APRENDENDO A SURFAR >> Fernanda Pinho
- O que você faria diante de um tsunami? – perguntei por perguntar.
- Surfaria. Eu morreria de qualquer jeito.
A resposta veio rápida e rasteira, revelando uma lucidez surpreendente. Foi uma pergunta à toa. Não era para me jogar na cara uma resposta que me disparou vários alarmes internos. Mas ele o fez, displicentemente. Não era, afinal, um velho sábio chinês querendo me aplicar a moral de uma fábula. Era só meu primo, de dez anos, confirmando aquilo que eu já suspeitava: ele aprendeu a viver muito antes de mim.
Chegou a me devolver a pergunta, mas disfarcei e encerrei o assunto. Primeiro porque fiquei sem jeito de admitir que, diante de um tsunami, eu provavelmente choraria e gritaria desesperada, sem conseguir sair do lugar e morreria do coração antes que a onda me pegasse. Segundo que, a essa altura, meus pensamentos já tratavam de ruminar, mais uma vez, todas as minhas crises existenciais. Agora, sob a luz da filosofia do pequeno Romano.

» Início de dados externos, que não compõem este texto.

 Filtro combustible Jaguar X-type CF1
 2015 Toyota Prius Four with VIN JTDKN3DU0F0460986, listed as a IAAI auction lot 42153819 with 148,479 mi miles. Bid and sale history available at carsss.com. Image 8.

Era dia 2 de janeiro e, no dia anterior, eu havia pulado ondas, jogado flores para Iemanjá, feito mil promessas e mil e um pedidos. Mas então eu entendi – como se isso já não fosse o óbvio – que não adianta nada ter um grande plano. Um projeto superbem arquitetado. Uma meta incrível. Não adianta eu viver obcecada pelos resultados finais (e suplicar para Iemanjá que eles se concretizem), se a vida é o que está acontecendo antes de chegarmos lá.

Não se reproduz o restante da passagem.